O desencontro na adoção de novas práticas

A vontade de adotar uma nova ferramenta costuma ser o ponto de partida. Um time de plataforma constrói um sistema interno de deploy, só para descobrir que os times de produto não vão usar. O motivo geralmente é simples. A nova ferramenta resolve o problema do time de plataforma, mas cria novos problemas para o time de produto. Talvez exija uma grande reescrita da lógica de deploy da aplicação ou imponha um fluxo de trabalho que simplesmente não encaixa na forma como o time opera.

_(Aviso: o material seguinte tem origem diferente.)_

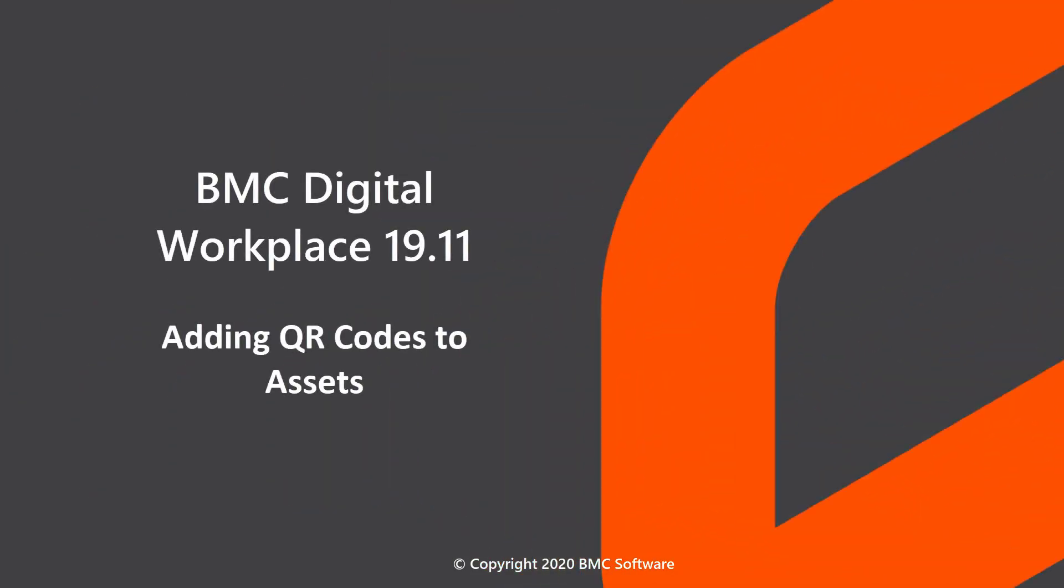Hello, this video was created by Lisa Green, a technical writer at BMC, and narrated by a computer-generated voice.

É por isso que migrações feitas todas de uma vez costumam falhar. Forçar todos os times a adotar um novo sistema de CI ou uma plataforma padrão de Kubernetes até uma data específica quase sempre gera resistência. Times com sistemas legados estáveis são pressionados a fazer um trabalho de alto risco e baixo retorno. Times com prazos apertados veem o direcionamento como distração. Se eles não enxergam um benefício imediato para o próprio trabalho, o novo sistema é apenas mais sobrecarga.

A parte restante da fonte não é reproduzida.